[Stored items from a collection]
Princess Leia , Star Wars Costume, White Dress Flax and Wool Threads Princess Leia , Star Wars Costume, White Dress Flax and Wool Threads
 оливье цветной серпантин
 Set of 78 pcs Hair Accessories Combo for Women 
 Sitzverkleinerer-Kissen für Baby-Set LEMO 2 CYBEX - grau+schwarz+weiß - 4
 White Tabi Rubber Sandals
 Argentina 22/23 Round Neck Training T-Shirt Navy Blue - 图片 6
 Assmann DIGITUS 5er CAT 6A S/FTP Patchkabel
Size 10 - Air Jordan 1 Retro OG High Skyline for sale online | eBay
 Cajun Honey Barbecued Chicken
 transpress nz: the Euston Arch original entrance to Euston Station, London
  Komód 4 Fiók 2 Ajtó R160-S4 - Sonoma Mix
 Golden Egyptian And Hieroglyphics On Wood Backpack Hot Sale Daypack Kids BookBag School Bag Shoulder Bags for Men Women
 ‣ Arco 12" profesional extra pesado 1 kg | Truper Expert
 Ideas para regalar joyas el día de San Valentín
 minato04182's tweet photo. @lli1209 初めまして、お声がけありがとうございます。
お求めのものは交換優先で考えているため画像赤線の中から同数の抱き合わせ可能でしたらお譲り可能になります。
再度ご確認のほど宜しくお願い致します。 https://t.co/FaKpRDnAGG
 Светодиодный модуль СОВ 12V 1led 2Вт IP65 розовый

● **Task description**:
Retype only the lines above between the line with "Sitzverkleinerer-Kissen für Baby-Set" and the line with "Ideas para regalar", counting those two lines as well, and keep every character as it is.

● **Response area**:
 Sitzverkleinerer-Kissen für Baby-Set LEMO 2 CYBEX - grau+schwarz+weiß - 4
 White Tabi Rubber Sandals
 Argentina 22/23 Round Neck Training T-Shirt Navy Blue - 图片 6
 Assmann DIGITUS 5er CAT 6A S/FTP Patchkabel
Size 10 - Air Jordan 1 Retro OG High Skyline for sale online | eBay
 Cajun Honey Barbecued Chicken
 transpress nz: the Euston Arch original entrance to Euston Station, London
  Komód 4 Fiók 2 Ajtó R160-S4 - Sonoma Mix
 Golden Egyptian And Hieroglyphics On Wood Backpack Hot Sale Daypack Kids BookBag School Bag Shoulder Bags for Men Women
 ‣ Arco 12" profesional extra pesado 1 kg | Truper Expert
 Ideas para regalar joyas el día de San Valentín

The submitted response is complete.